Pictures should be omitted; restate word for word the lines from the one holding "우리 다음에는 직접 만나서 행복한 추억 만들어요" through the last line of the entries below.

——

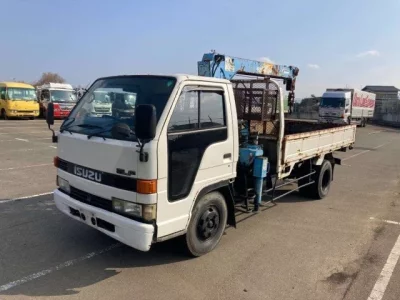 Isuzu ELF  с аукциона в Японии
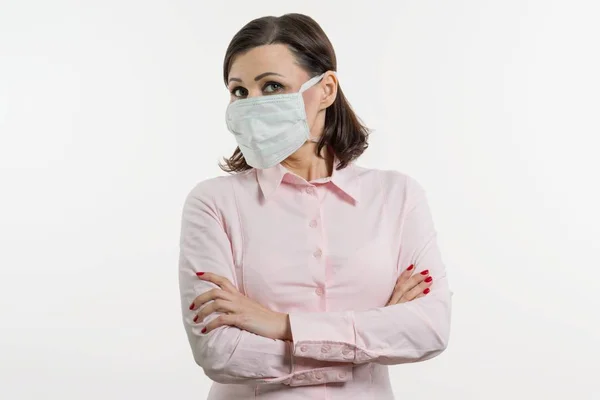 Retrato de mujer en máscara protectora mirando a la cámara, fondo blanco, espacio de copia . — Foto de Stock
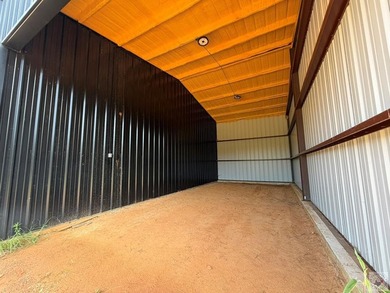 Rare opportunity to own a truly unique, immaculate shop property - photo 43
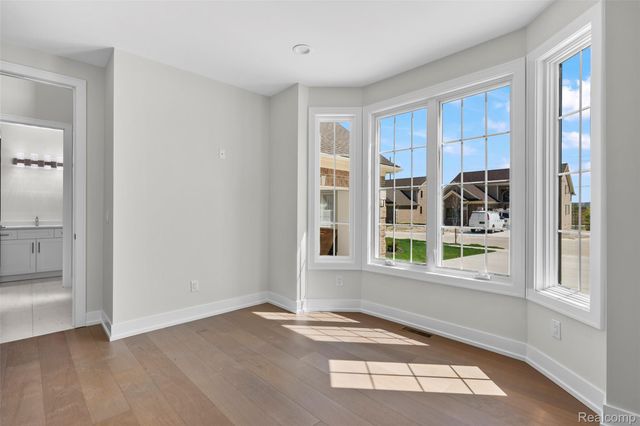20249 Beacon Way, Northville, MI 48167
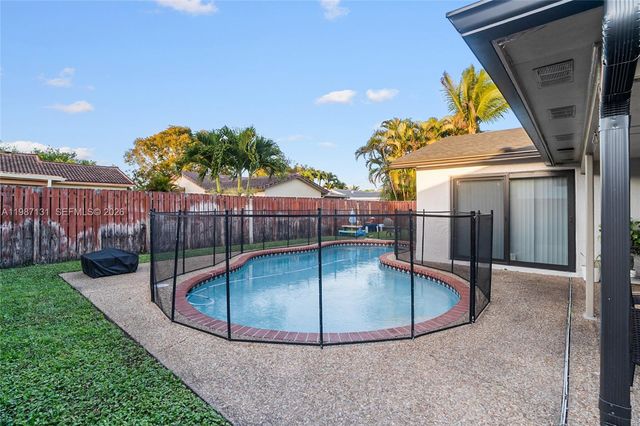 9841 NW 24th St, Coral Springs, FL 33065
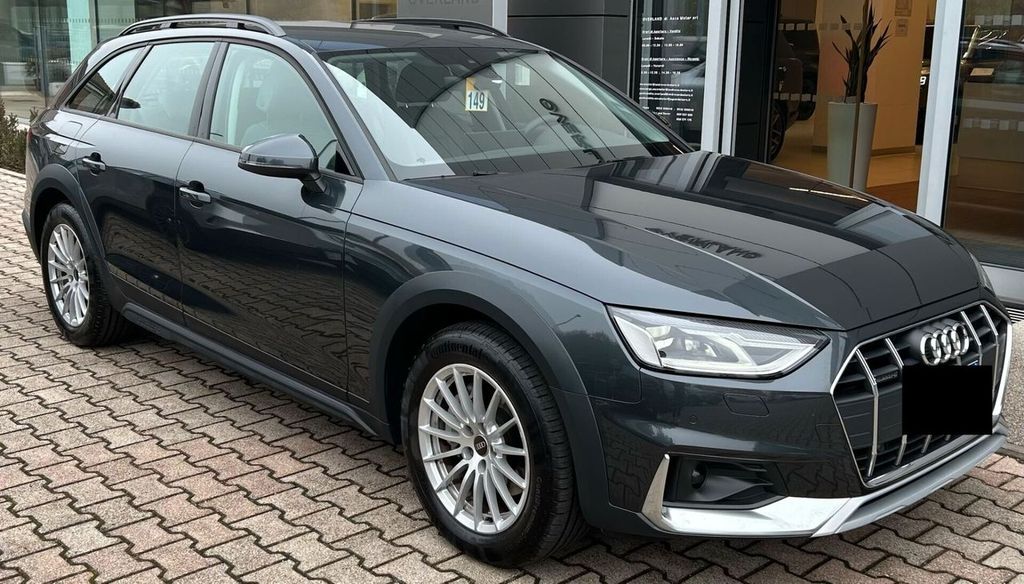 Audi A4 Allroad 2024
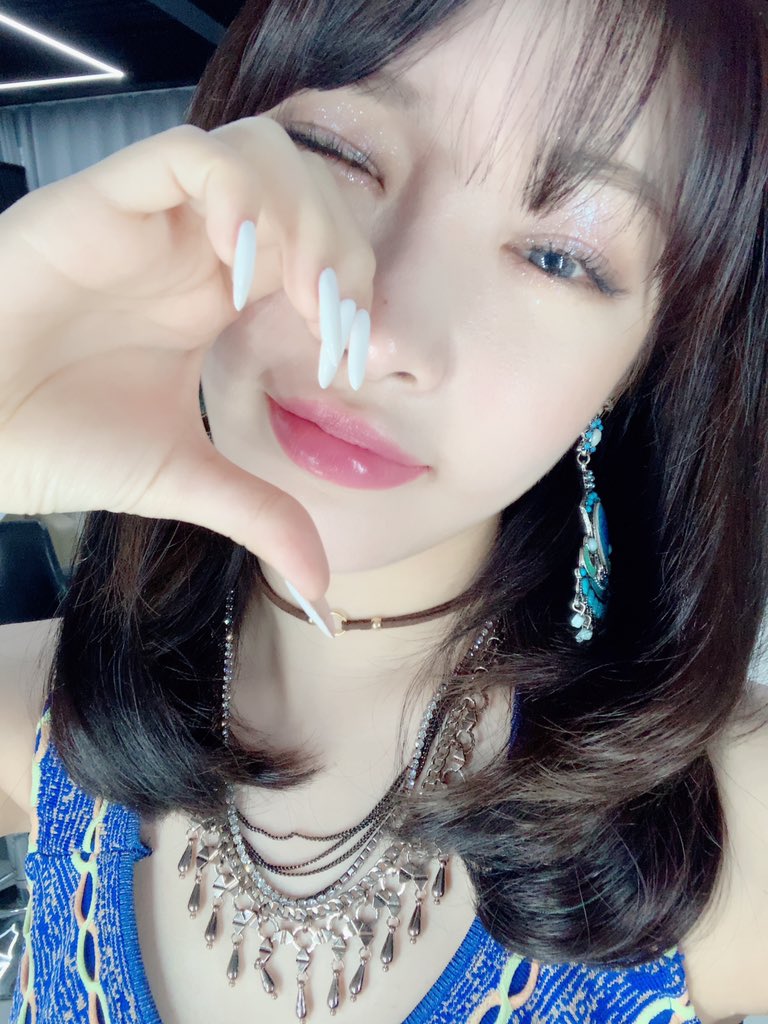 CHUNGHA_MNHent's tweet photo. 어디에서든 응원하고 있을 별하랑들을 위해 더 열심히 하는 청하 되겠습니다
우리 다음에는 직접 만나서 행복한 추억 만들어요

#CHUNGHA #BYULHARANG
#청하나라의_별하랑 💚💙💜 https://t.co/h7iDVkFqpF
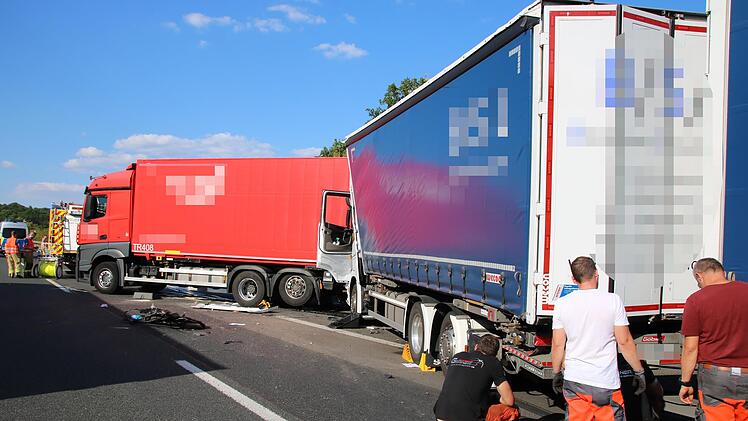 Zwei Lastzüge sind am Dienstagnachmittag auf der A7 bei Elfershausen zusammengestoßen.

——

◆ Response
우리 다음에는 직접 만나서 행복한 추억 만들어요

#CHUNGHA #BYULHARANG
#청하나라의_별하랑 💚💙💜 https://t.co/h7iDVkFqpF
 Zwei Lastzüge sind am Dienstagnachmittag auf der A7 bei Elfershausen zusammengestoßen.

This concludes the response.